Сегодня разобрали и увезли многочисленные кабинки, где галдели еще так недавно дети. Вчера была на соседнем пляже, большом и красивом, но и там уже пусто, а палатки напоминают покинутые цыганами шатры. Там была ярмарка, где продавали телят, свиней и баранов, птицу, ткани, овощи и фрукты, глиняную посуду и бесконечно много пестрых «драгоценностей». Тут же карусель и бродячая музыка, лотереи, рулетка (где все выигрывают сахар и кукол) и подобия цыганок-гадалок. Толпа пестрая, местные женщины очень сложно одеты, то есть головной их убор очень сложный; на волосах у них сетки, иногда бисерные, и повязаны черной бархоткой (как в старые времена мы в гимназиях причесывались), а поверх сеток белое накрахмаленное кружевное сооружение — наподобие сахарной головы или пирога в виде башни.
Все это пестрит и шумит на площади и в тенистой аллее и довольно красиво гармонирует с ярким днем.
Но как странно и дико было слышать этот многосложный рев животных, людей и карусели, сидя в церкви, которая совсем рядом, на площади. Церковь четырнадцатого века, странная, ни на что не похожая, — не готическая, не романская, не византийская. Что-то, сказала бы я, что должны были представлять собою первые христианские церкви в катакомбах. Длинное помещение, похожее на амбар, с одним длинным сводом, в котором четыре маленьких квадрата; через них сноп солнечного света вливается и, распространяясь сверху вниз, образует четыре светлых столба.
Как странны и страшны были эти доносившиеся шумы. Не знаю, что сказать, мой милый, само по себе это было как будто обоснованно, но отсюда казалось невыносимым. Я не хочу превращать это в спор, точно так же, как и то, что ты пишешь об эволюции техники и природы. Спор стар и как будто неразрешим. Но нужна какая-то мера, умение остановиться вовремя.
Люди часто увлекаются строительством, скажем, и думают: вот оно, вот в этом жизнь, вечное движение. А оно как раз и есть смерть, если хочешь, — смерть в движении по какой-то линии, но это ничего не меняет. Жадным до жизни трудно обрести жизнь вечную, ибо жадность их обрекает на смерть.
Будьте тише, хочется сказать всем этим увлекшимся изобретателям, устроителям, рекордсменам.

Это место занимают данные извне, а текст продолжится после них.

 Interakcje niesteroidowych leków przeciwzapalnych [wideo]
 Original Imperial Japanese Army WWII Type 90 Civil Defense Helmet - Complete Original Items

И ведь, знаешь ты, я совсем не пессимистично смотрю на мир, а наоборот, думаю, что большой любовью и теплотой много можно улучшить. Но на спешку нашей эпохи мне хочется сказать только: все суета сует. Прописные истины? Но сейчас, когда так много все стараются поражать мир необычайным, гигантским размахом, именно прописных истин нам больше всего и недостает.
Да, природа мне многое открывает, тут еще больше это поняла. И, несмотря на всю красоту океана, от которого, кажется моментами, прямо не оторвешься, все-таки больше откровения для меня в лесу. Тут тепло и ласково пахнут согретые на солнце сосны, лес расположен на желтых песчаных холмах. Не мне отрицать ценность культуры, не мне, которая так много вкушает от нее, что это почти «хлеб насущный» для меня. Но не следует и это превращать в идола, в «абсолютную ценность». Не создавай себе ложного представления обо мне, как о человеке, живущем в природе или культуре. Я и здесь и там только бываю, но, как видно, и надо нам быть в очень многом, если мы живые.